Projeções de investimento e principais regiões mineradoras
Segundo relatório da Amcham, a Câmara Americana de Comércio para o Brasil, estima-se que o mercado brasileiro de minerais críticos receberá cerca de US$ 20,5 bilhões em investimentos entre 2026 e 2030. Destacam-se US$ 8,62 bilhões em cobre, com foco no Pará e na Bahia, US$ 4,74 bilhões em níquel (Pará e Goiás), US$ 2,39 bilhões em terras raras (Goiás e Minas Gerais) e US$ 1,17 bilhão em lítio, especialmente em Minas Gerais. A corrida pelos minerais, que são essenciais para a transição energética global e tecnologias de ponta, amplia o interesse de grandes potências em acordos com o Brasil.
Pressão sobre territórios e comunidades tradicionais
Os recursos minerais, no entanto, recaem muitas vezes sobre áreas sensíveis, como terras indígenas, territórios quilombolas e assentamentos rurais. A Articulação dos Povos Indígenas do Brasil (Apib) identificou mais de 1.300 requerimentos minerários sobrepostos a áreas indígenas na Amazônia, sendo 390 deles com sobreposição total. Relatórios apontam ainda centenas de pedidos envolvendo terras raras em áreas administradas pelo Incra. Embora requerimento não corresponda à instalação imediata de minas, o aumento dessa pressão exige atenção aos processos de licenciamento, consultas às comunidades e avaliação dos impactos ambientais e sociais.
Soberania e desafios de política industrial
Para além da extração, especialistas enfatizam que a geração de riqueza efetiva depende da integração industrial dos minerais ao parque produtivo nacional. Estudo da Amcham indica que a simples exportação dos minerais gera menos empregos e valor do que um modelo que agrega processamento industrial e desenvolvimento tecnológico no país. No Brasil, iniciativas conjuntas do BNDES e Finep já movimentaram R$ 45,8 bilhões em propostas para o processamento e fortalecimento da cadeia produtiva dos minerais críticos, buscando diminuir a dependência do mercado externo.
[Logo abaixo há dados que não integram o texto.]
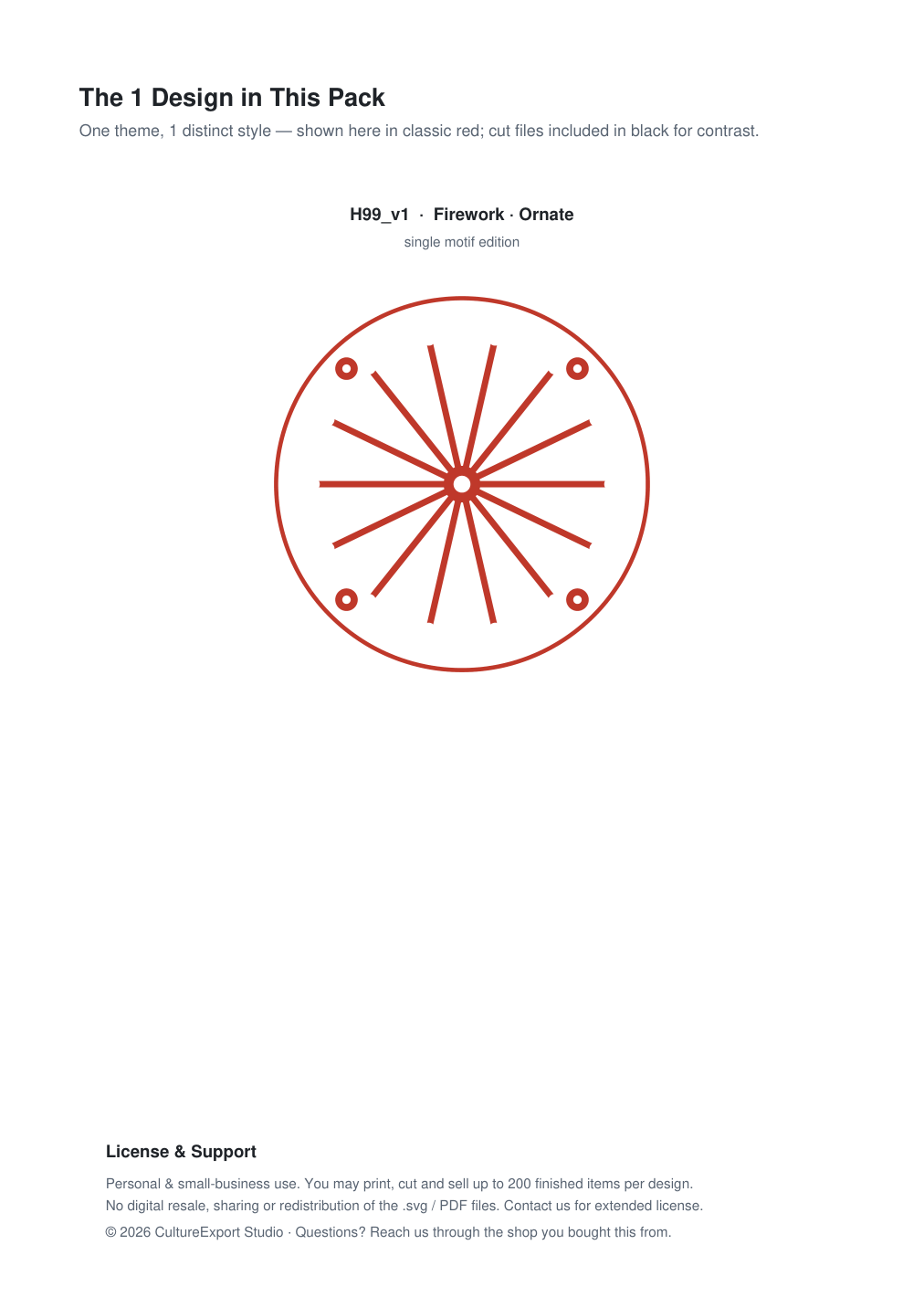 Firework Ornate Paper Cut Panel - Free SVG + PDF Pack - design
Condições para acordos e olhar para o futuro
A capacidade de barganha proporcionada pelas reservas minerais brasileiras exige que o país estabeleça critérios claros nos acordos internacionais. Isso inclui a definição de quanto valor permanece no Brasil, quais etapas industriais serão feitas localmente, qual avanço tecnológico será garantido e como direitos territoriais e impactos ambientais serão tratados. É fundamental também garantir a participação das populações afetadas e prever responsabilidades por eventuais passivos sociais e ambientais. Garantir autonomia e soberania na gestão dos recursos é visto como fundamental para o desenvolvimento sustentável e compromisso com as comunidades tradicionais.
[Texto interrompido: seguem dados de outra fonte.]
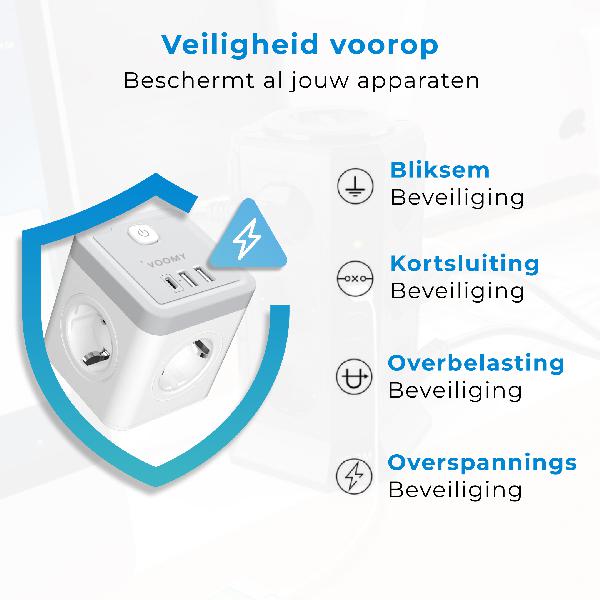 Voomy Split X4 2.0 - Verdeelstekker 2 USB-A, 1 USB-C & 4 EU - Wit // Wit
Próximos desafios para o Brasil
O debate sobre minerais críticos transcende a economia, envolvendo temas de justiça social, preservação ambiental e respeito à soberania nacional. O Brasil deve equilibrar a atração de capital externo e a proteção de seus recursos, adotando uma postura proativa nas negociações globais para garantir benefícios duradouros à sociedade e ao meio ambiente.